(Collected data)
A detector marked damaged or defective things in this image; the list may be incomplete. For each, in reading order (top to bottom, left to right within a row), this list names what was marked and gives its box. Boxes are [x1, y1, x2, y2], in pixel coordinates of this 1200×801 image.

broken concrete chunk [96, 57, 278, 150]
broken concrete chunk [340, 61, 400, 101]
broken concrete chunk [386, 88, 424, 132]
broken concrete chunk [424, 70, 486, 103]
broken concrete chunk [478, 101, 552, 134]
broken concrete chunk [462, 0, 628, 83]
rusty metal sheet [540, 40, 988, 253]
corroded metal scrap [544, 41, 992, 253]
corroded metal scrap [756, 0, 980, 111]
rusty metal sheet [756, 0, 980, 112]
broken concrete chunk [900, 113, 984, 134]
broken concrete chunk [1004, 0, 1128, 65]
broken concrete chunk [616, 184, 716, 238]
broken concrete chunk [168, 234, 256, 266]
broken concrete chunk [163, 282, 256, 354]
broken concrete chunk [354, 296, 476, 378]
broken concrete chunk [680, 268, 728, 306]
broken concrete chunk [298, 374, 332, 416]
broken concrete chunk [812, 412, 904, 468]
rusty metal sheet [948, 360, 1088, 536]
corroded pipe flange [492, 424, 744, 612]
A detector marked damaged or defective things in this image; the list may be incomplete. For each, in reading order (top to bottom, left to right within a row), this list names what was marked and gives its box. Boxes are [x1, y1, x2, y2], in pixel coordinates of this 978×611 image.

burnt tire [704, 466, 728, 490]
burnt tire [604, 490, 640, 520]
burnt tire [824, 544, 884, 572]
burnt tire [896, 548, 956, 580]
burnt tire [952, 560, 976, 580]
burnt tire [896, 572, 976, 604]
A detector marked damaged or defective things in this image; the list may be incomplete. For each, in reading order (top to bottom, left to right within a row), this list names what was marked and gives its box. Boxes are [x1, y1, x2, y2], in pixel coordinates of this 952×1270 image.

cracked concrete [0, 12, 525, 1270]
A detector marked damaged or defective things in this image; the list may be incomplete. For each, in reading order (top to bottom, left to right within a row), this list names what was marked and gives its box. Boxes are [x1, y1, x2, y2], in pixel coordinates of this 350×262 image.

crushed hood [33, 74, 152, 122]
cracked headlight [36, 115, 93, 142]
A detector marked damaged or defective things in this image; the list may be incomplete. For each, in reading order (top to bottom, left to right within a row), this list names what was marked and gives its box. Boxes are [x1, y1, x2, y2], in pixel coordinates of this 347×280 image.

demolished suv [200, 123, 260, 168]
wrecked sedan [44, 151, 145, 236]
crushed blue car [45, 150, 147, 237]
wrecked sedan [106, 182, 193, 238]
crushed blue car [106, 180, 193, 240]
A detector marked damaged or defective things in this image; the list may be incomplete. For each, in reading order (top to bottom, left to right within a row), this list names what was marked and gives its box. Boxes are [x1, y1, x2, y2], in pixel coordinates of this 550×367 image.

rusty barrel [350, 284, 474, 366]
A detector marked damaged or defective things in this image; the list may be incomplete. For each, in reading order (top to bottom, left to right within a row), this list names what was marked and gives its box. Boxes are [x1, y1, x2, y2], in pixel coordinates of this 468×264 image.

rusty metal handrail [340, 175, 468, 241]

### EXERCISE GOAL
Your output should be the lines from the one with "this 468×264 image." through the last line of the entries above, copied exactly and nothing more.

### EXERCISE OUTPUT
A detector marked damaged or defective things in this image; the list may be incomplete. For each, in reading order (top to bottom, left to right within a row), this list names what was marked and gives its box. Boxes are [x1, y1, x2, y2], in pixel coordinates of this 468×264 image.

rusty metal handrail [340, 175, 468, 241]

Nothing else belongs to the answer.